La infanta Cristina pone difícil el mensaje de Nochebuena del Rey

Cuarenta y ocho horas antes de que el nuevo rey Felipe VI pronuncie, en Nochebuena, su primer discurso de Nochebuena, en el que pretende pronunciarse sobre varios temas de actualidad, entre ellos temas relacionados con la Justicia y con la corrupción, el juez José Castro, que lleva cuatro años instruyendo el caso Nóos, en el que aparecen imputados la infanta Cristina, y sobre todo, su esposo Iñaki Urdangarin, ha decidido sentarla en el banquillo. Esta decisión judicial es algo inédito en la historia de la Monarquía española, ya que por primera vez, un miembro relacionado con la Familia Real tendrá que comparecer ante la Justicia y afrontar la posibilidad de ser condenada a ocho años como pide el sindicato Manos Limpias como acusación particular o, a cuatro años como solicita el juez Instructor, por dos delitos fiscales y blanqueo de capitales

En contra de los argumentos de la defensa de la infanta, la Fiscalía y la Abogacía del Estado, Castro ha considerado que la acusación popular que ejerce el sindicato Manos Limpias está legitimada para llevar a juicio, en solitario, a la hermana del Rey, para la que reclama 8 años de prisión. Es decir, el juez rechaza aplicar a la hermana del Rey la doctrina Botín, por la que la defensa de la Infanta solicitaba el sobreseimiento de la causa ya que ni la Fiscalía Antocorrupción -que se sumó a esa petición- ni la Abogacía del Estado, ni la parte perjudicada por los delitos presuntamente cometidos, la Agencia Tributaria, apuntan a la existencia de indicios criminales sobre Cristina de Borbón, aunque de hecho, su actuación haya causado unos efectos indudables en contra de la Hacienda pública, de los contribuyentes, y del Estado.

En el auto, el juez instructor hace un amplio análisis de por qué doña Cristina de Borbón debe sentarse en el banquillo de los acusados, se opone a la doctrina defendida por las otras partes, en tanto “Hacienda somos todos”, tira por tierra la ‘doctrina Botín’ del Supremo, y entiende que como Hacienda “somos todos”, existe un interés general y por tanto, se debe aplicar la ‘doctrina Atutxa’, una doctrina del Supremo que matiza la doctrina Botín por las primas únicas, por la que se permite llevar a juicio a una persona sólo con la acusación popular y aunque la Fiscalía y Abogacía del Estado no actúen.

En el auto el juez Castro le recuerda a la Fiscalía que la presunción de inocencia que tantas veces ha dicho que no se ha respetado para la Infanta, y que se ha aireado a los cuatro vientos que no existe en España, “no estriba en cerrar los ojos ante las sospechas que puedan darse sobre la comisión de un delito, sino continuar la investigación hasta que aquellas se desvanezcan o se tornen en indicios racionales”.

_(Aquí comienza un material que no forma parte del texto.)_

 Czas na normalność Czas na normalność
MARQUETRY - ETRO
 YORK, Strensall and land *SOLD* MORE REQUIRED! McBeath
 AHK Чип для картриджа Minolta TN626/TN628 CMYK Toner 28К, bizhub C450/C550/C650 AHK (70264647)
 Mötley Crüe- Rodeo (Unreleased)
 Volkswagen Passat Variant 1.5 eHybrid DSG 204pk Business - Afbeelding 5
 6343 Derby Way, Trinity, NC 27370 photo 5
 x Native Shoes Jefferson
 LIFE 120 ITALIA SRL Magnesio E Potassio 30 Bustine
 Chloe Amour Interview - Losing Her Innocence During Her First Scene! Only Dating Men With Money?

El juez Castro interpreta, con el respaldo del mandato de la Audiencia, que si la Fiscalía y Hacienda acusan por los mismos delitos a Urdangarin y a su socio Diego Torres e, incluso, a la esposa de Torres, no hay razón por la que no se pueda juzgar a la hermana del Rey. El magistrado sostiene y que si no prospera la acusación de doble delito fiscal, cabría declarar a la Infanta “partícipe a título lucrativo de los demás supuestos delitos” perpetrados por su marido “de los que su esposa haya podido lucrarse sin haber participado delictivamente en ellos”.

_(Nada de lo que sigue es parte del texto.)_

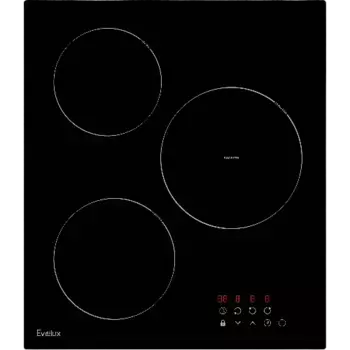 Встраиваемая индукционная панель EVELUX HEI 431 B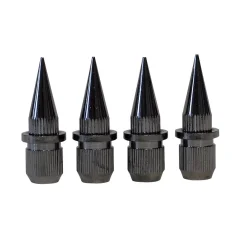 Dynavox antirezonanční hroty A2 Black
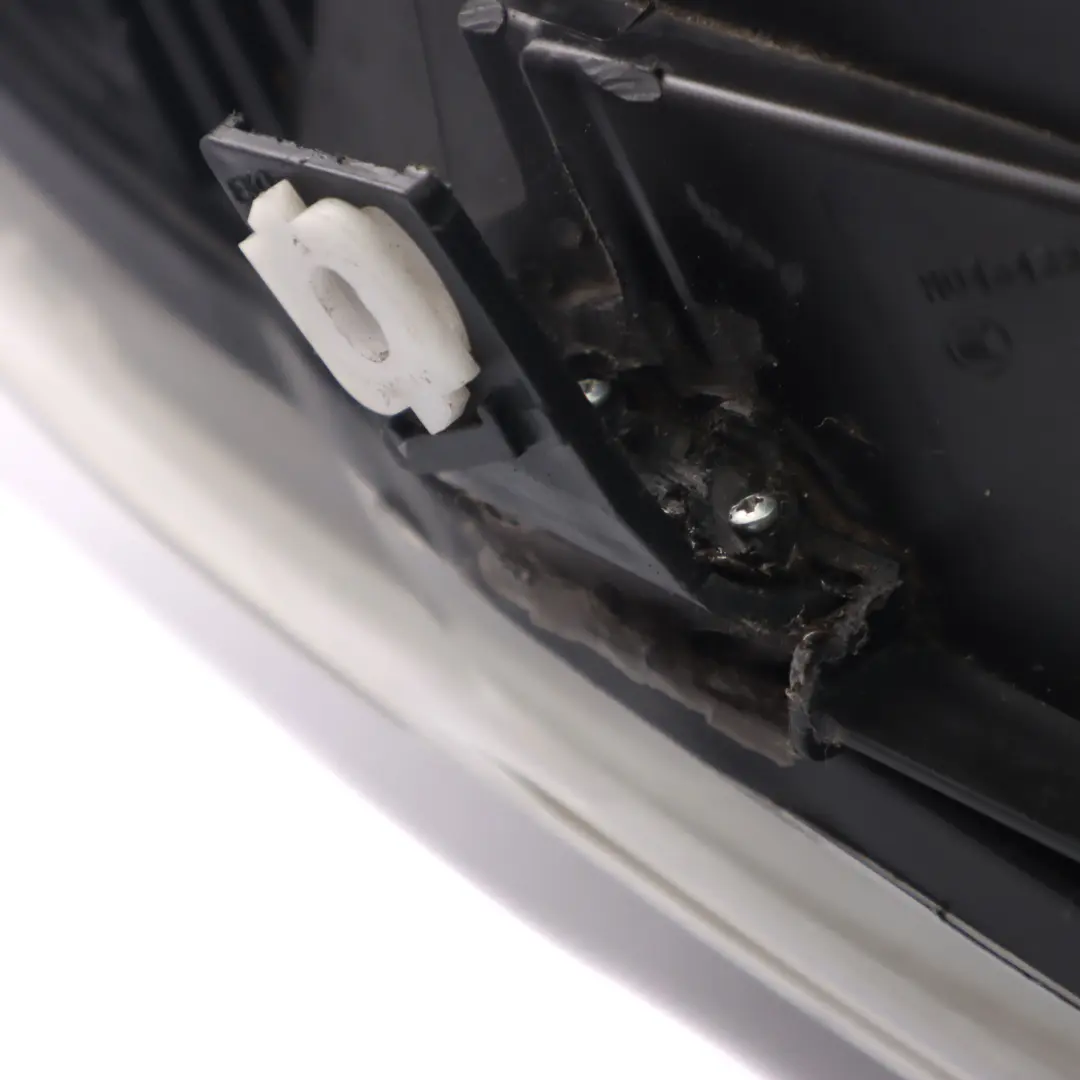 Headlight Headlamp Lamp Light Front Right O/S to BMW E90 E91 LCI with Part number 7202576 BMW E90 E91 LCI Headlight Headlamp Lamp Light Front Right O/S - SKU rhd-7202576-6 - Part number 7202576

Castro pide que Urdangarin, a quien la Fiscalía le pide nueve años y medio de prisión, ya que hasta ahora no se ha llegado a ningún acuerdo de conformidad, le exige que deposite, en concepto de fianza de responsabilidad civil un total de 14.957.262 euros, y para su esposa reclama que pague 2.697.150 euros. El juez pide más de 90 millones de fianza en total por responsabilidad pecuniaria para las 17 personas que se sientan en el banquillo y cuyo juicio se abrirá probablemente a mediados de abril, en plena campaña electoral de las municipales y autonómicas.

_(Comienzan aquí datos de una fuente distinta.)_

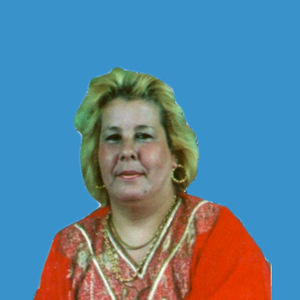 Galou Lyon Zina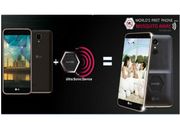 LG K7i: Meet the World's First Smartphone that Repels Mosquitoes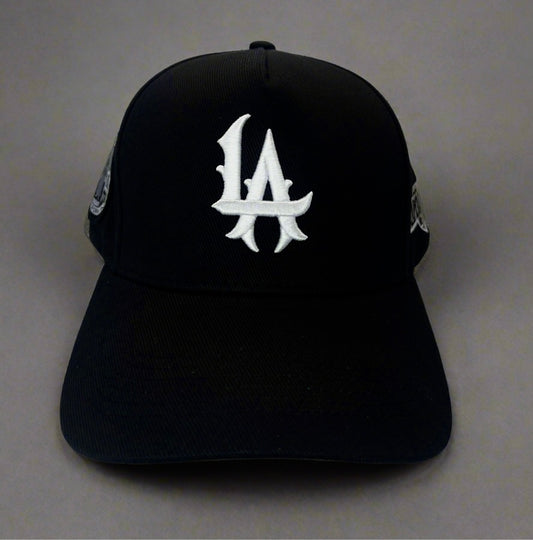 Los Angeles SnapBack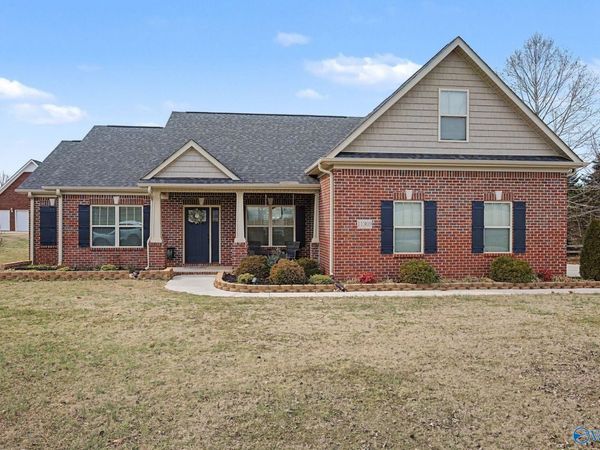 11369 Dove Drive, Madison, AL 35756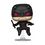 Product Funko Pop! Daredevil: Born Again (2025) - Daredevil (Black Suit image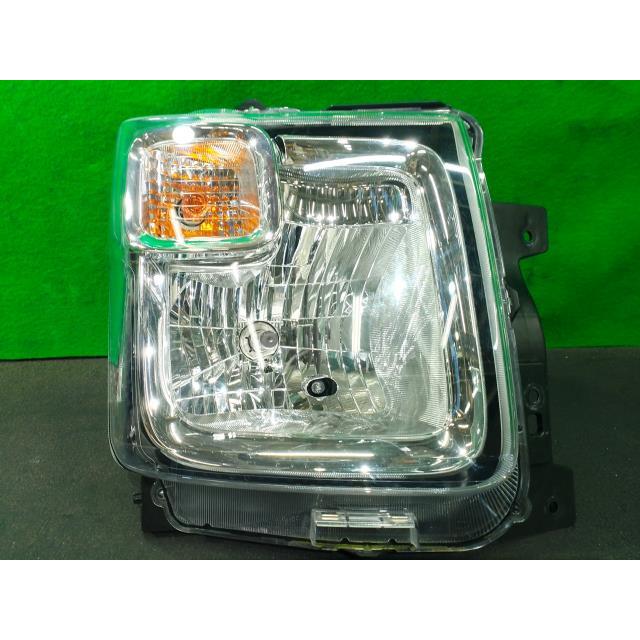 ワゴンR ワゴンR DAA-MH55S 右ヘッドランプ ZJH 35120-63R00 : YRC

Quien se sentará en el banquillo será la hermana del Rey, y no la Hija del Rey, aunque a pesar de todas las presiones se haya negado a renunciar a sus derechos a la Corona, unos derechos lejanos que están ahí, pero que por influencia de su marido, no ha querido prescindir por el momento de ellos. Sigue la presión institucional y durante estos meses de reinado, tanto el rey Felipe VI, como la reina Letizia, han hecho suficientes signos de alejamiento como para que se produzcan los menores daños colaterales posibles. Hasta ahora, han sido numerosos y suficientes.